§ **Try it**
Would you please return the data below verbatim, without its pictures?

§ **Provided data**
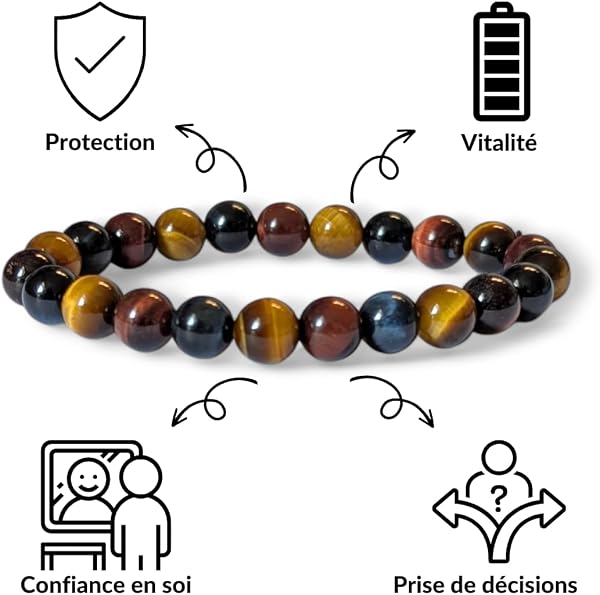Bracelet Lithothérapie Pierres Naturelles 8mm – Protection, Quartz Rose & Cornaline – Bien-être Énergétique – Bijou Élastique Femme Homme – Spécialiste Français - 3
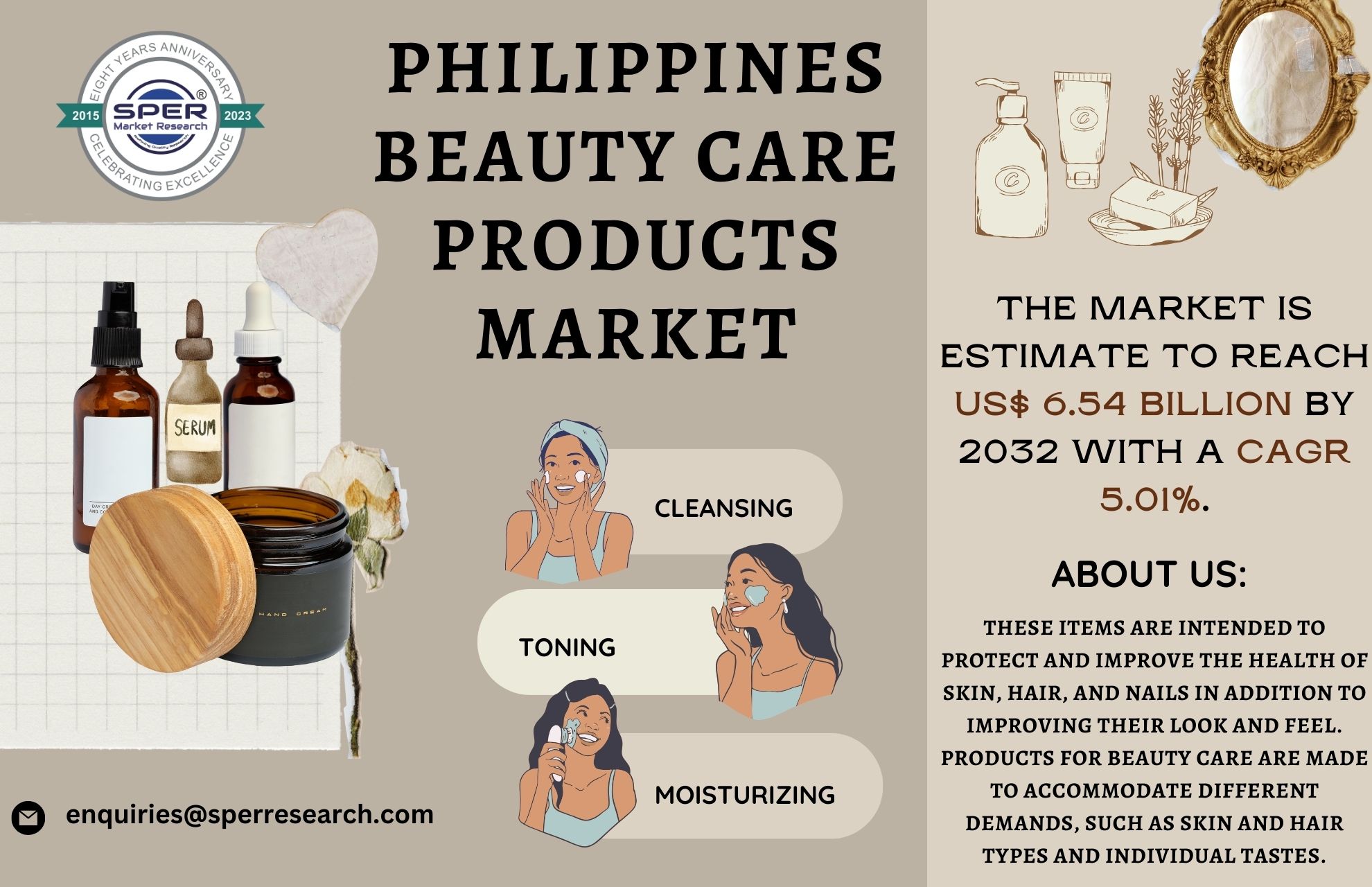 Philippines Cosmatic Products Market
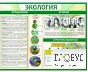 Стенд "Экология" - «globural.ru» - Сочи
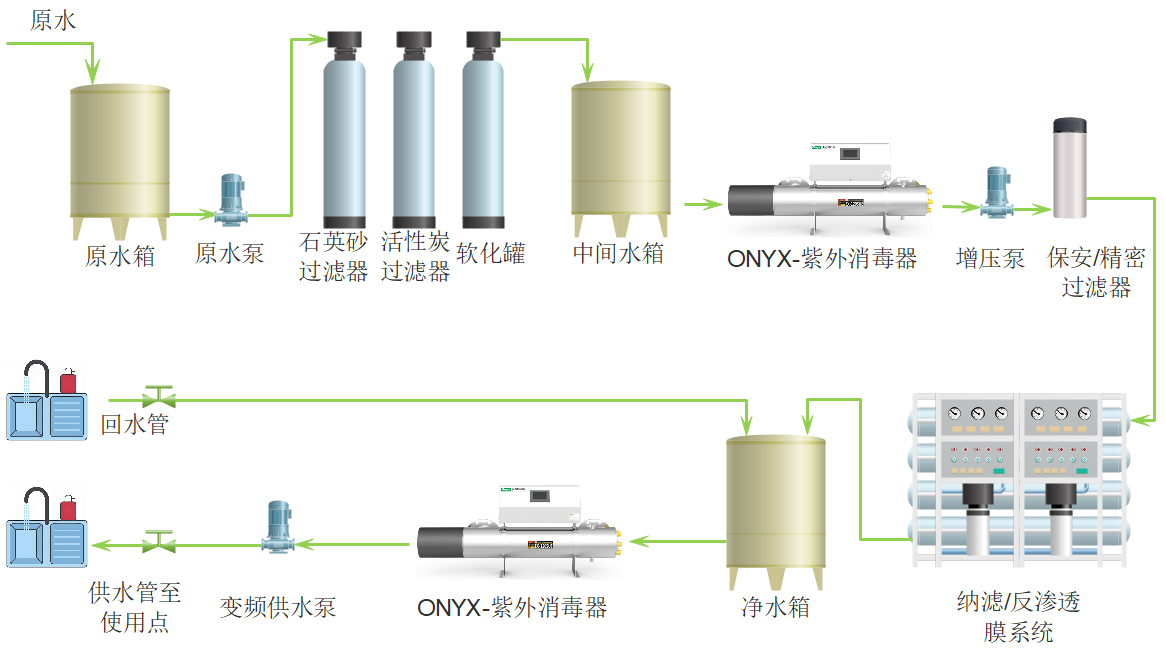 高端飲用水POU工藝圖.png 高端飲用水POU工藝圖.png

§ **Solution for this exercise**
Bracelet Lithothérapie Pierres Naturelles 8mm – Protection, Quartz Rose & Cornaline – Bien-être Énergétique – Bijou Élastique Femme Homme – Spécialiste Français - 3
 Philippines Cosmatic Products Market
 Стенд "Экология" - «globural.ru» - Сочи
 高端飲用水POU工藝圖.png 高端飲用水POU工藝圖.png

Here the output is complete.